• Data below:
· · ·

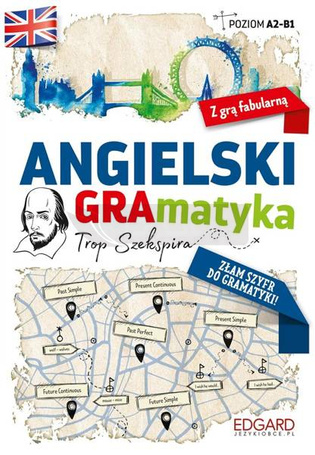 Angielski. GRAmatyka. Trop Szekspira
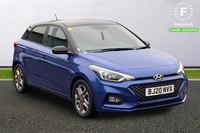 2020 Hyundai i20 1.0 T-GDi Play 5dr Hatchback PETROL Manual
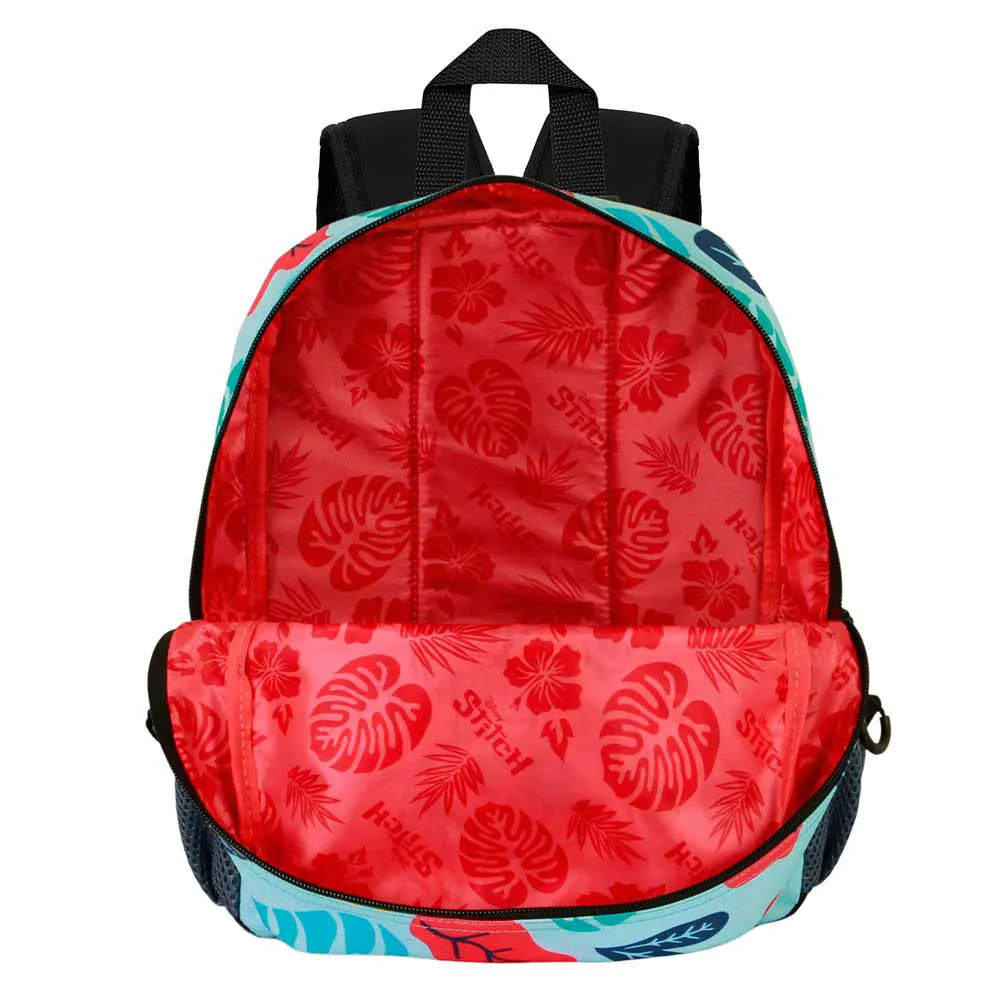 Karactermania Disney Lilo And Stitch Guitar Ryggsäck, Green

· · ·

In the copy, keep every line of the data above exactly and drop each picture.

 Angielski. GRAmatyka. Trop Szekspira
 2020 Hyundai i20 1.0 T-GDi Play 5dr Hatchback PETROL Manual
 Karactermania Disney Lilo And Stitch Guitar Ryggsäck, Green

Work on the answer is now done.